Making judgments based on criteria and standards through checking and critiquing.

  • Select the most appropriate microcontroller and sensors for a given project based on cost, RAM, connectivity, and required features
  • Critique a wiring layout or program for safety, reliability, and readability, and recommend improvements
  • Judge whether a project's measured results are accurate and propose ways to calibrate or improve them
  • Assess the quality and correctness of AI-generated MicroPython code before using it in a project
  • Evaluate competing design solutions for a robot or display and justify a recommendation against stated criteria
  • Review another student's project and provide constructive, criteria-based feedback

Create

Putting elements together to form a coherent or functional whole; reorganizing elements into a new pattern or structure.

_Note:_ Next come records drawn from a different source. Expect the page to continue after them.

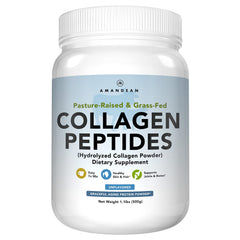 AMANDEAN Collagen Powder tub front highlights grass-fed formula for joint and skin support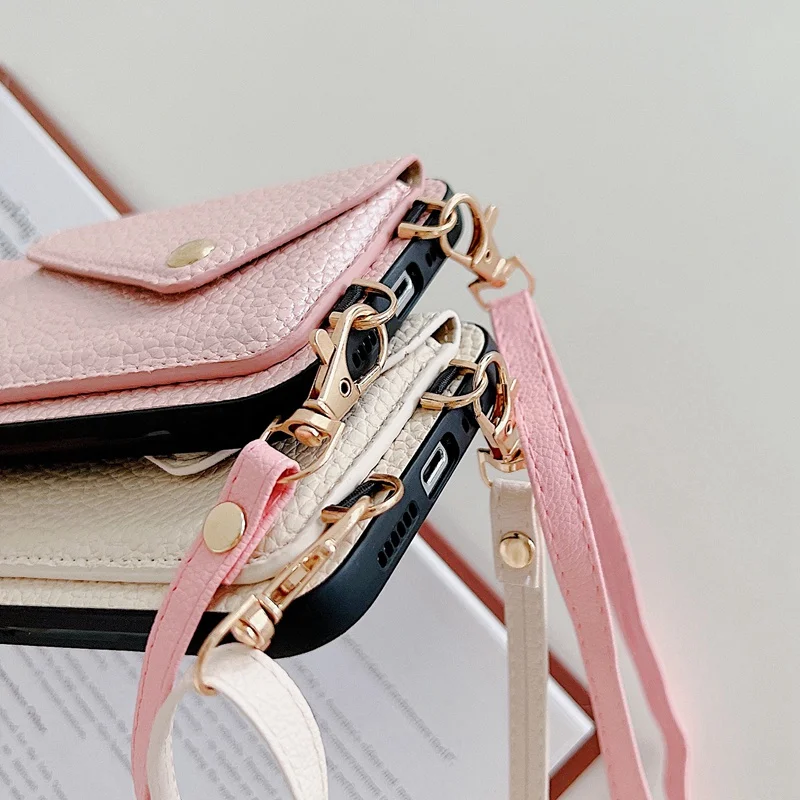 Luxury Crossbody strap lanyard wallet leather case for iPhone 16 13 12 16pro 15 pro 14pro max 12mini 11 card holder phone cover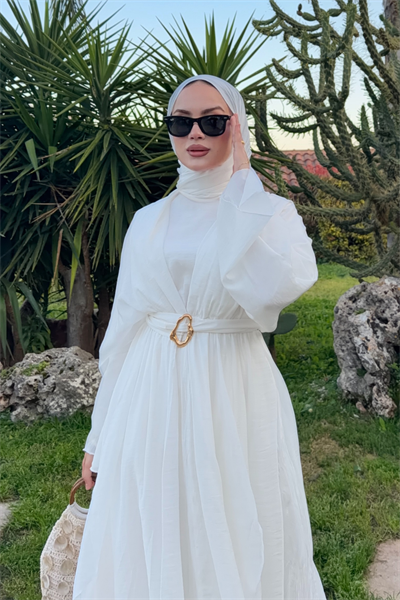 Mozza Elbise - Beyaz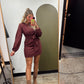 Sadie Front Tie Dress (Merlot)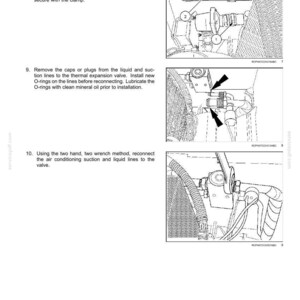 May include: Diagram of air conditioning system components with labels and instructions. Includes close-up views of hoses, valves, and connections. Text at the top reads "Cab climate control - Air conditioning."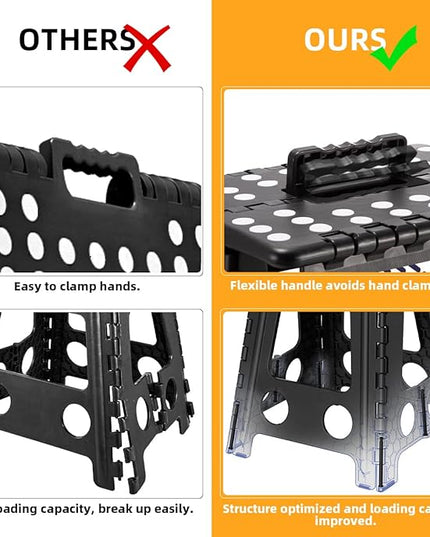 Delxo 16” Folding Step Stool in Black,1 Pack Premium Heavy Duty Foldable Stool for Adults,Portable Collapsible Plastic Step Stool,Non Slip Folding Stools for Kitchen Bathroom Bedroom Up to 400LBS - LeafyLoom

  • Design and build an original multi-sensor project that combines input, processing, and output
  • Develop a working robot (such as a line-follower or collision-avoidance robot) integrating motors, sensors, and a display
  • Compose an interactive sound-and-light display using NeoPixels and a buzzer driven by sensor input
  • Build a wireless IoT device that reports sensor data to a web page or another device
  • Write reusable, well-commented MicroPython modules and share them with others
  • Capstone project: Conceive, wire, program, debug, and document a complete physical-computing project of the student's own design, including a wiring diagram, annotated source code, and a demonstration

Why This Course Matters

Physical computing turns programming from an abstract activity into a tangible, joyful experience — and that engagement is what keeps learners coming back. By starting with $4 hardware and free software, this course removes the cost barrier that once kept embedded programming out of reach for most classrooms and clubs. Students who complete it gain not only MicroPython fluency but also durable habits of computational thinking, systematic debugging, and hands-on problem solving that transfer to robotics, the Internet of Things, science fairs, and further study in computer science and engineering. The course's progressive, lab-driven structure means every learner — whether a 10-year-old in a coding club or an adult hobbyist — can start at the very beginning and build all the way up to original, working inventions of their own.